Low-Cost Data Analysis & Visualization: It’s Getting Better All The Time

Over the weekend I have revisited Tableau, enjoyed some success with MonetDB, tried to turn MySQL into a hundred million row data warehouse, been underwhelmed with Firebird, installed Greenplum and spent many frustrated hours with Talend Open Studio, Pentaho Kettle and Jitterbit.

Of course, I could just buy QlikView, but what can be done for less $money? Unfortunately data warehouses and BI front-ends are not sexy problems in the opensource community. Graphs and charts get a little more attention, but you’ll need to write your own code to glue them to your application.

In summary, what can I say about our options?
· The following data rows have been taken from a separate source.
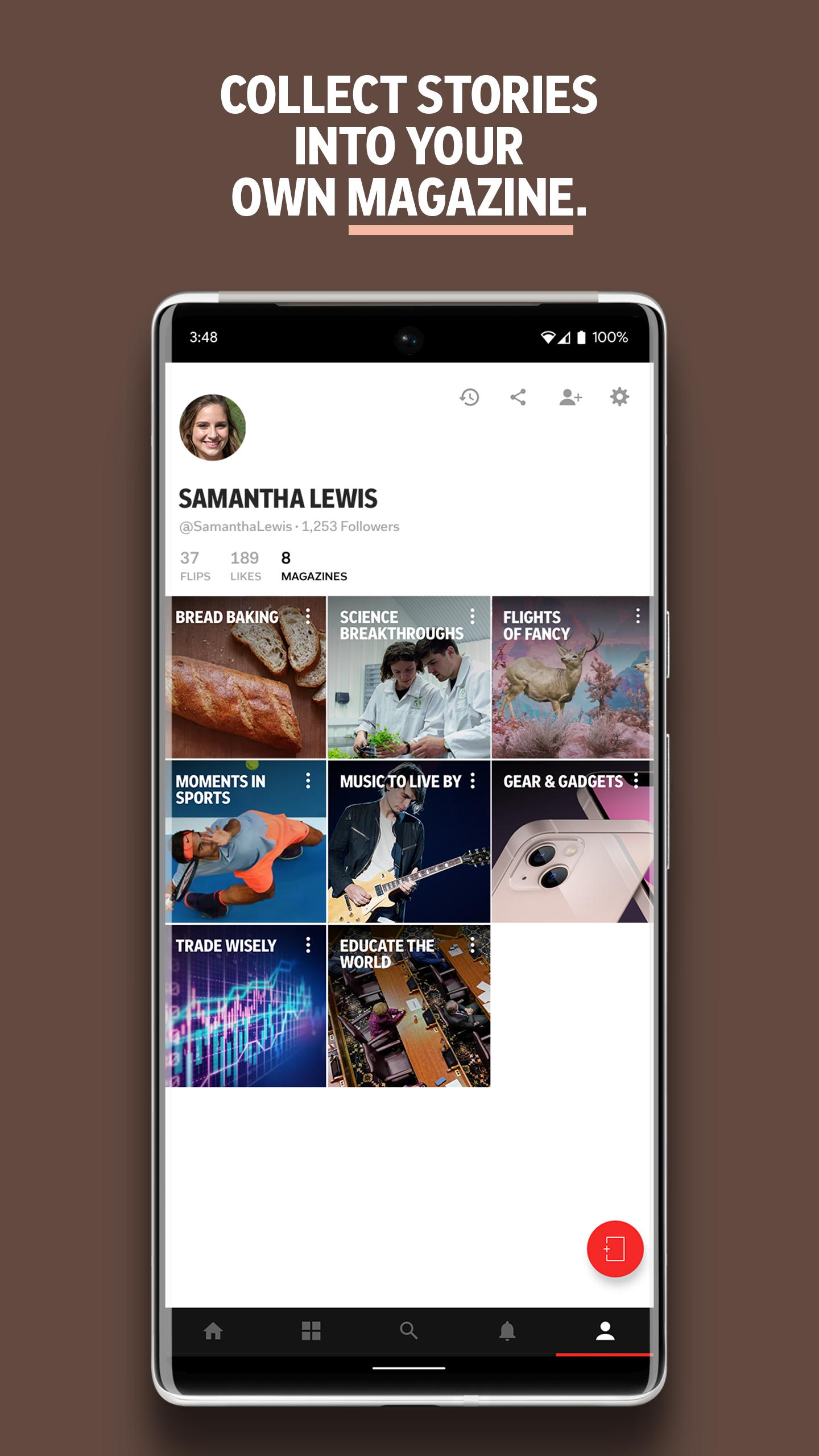 اسکرین شات 4 برنامه Flipboard:Your Social Magazine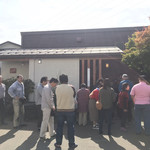 喜一 - お店の外もいっぱい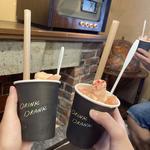 白桃スムージ(数量限定)(ドリンクドランク産寧坂店)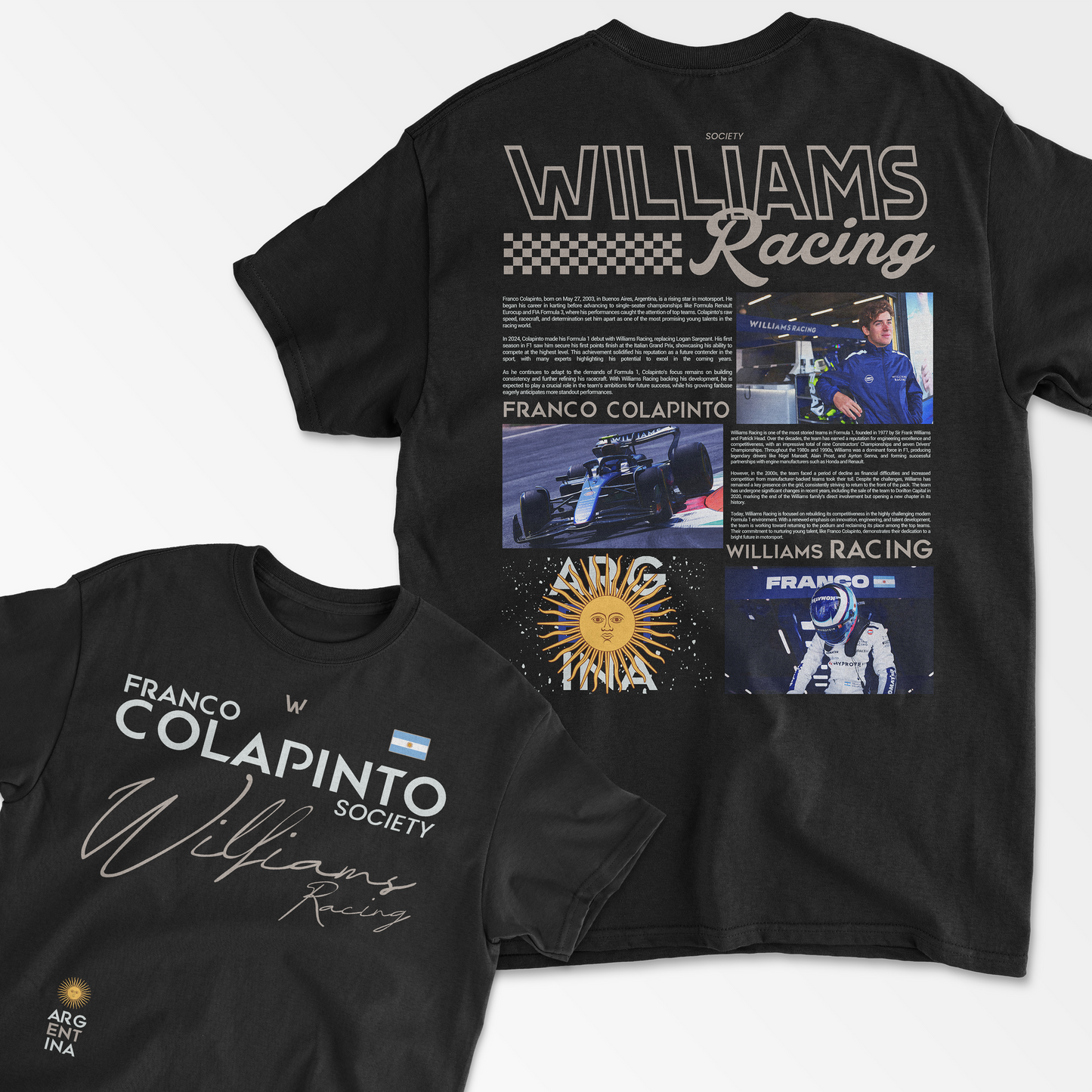 Franco Colapinto Inspired T-Shirt | Williams Racing Formula 1 Shirt | F1 Gift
First, write your own ETL. Why do opensource ETL tools like Talend and Kettle work so hard to rebuild Informatica? It reminds me of Linux in the 1990s when the community wanted to beat Windows and kept working to look like Windows and wondering when victory would arrive. Informatica, like OLAP and mainframes, is from an era when memory was scarce; languages were low-level, slow to compile & run, abstracted little and were not at all portable. On top of that, ODBC drivers were tightly controlled and costly.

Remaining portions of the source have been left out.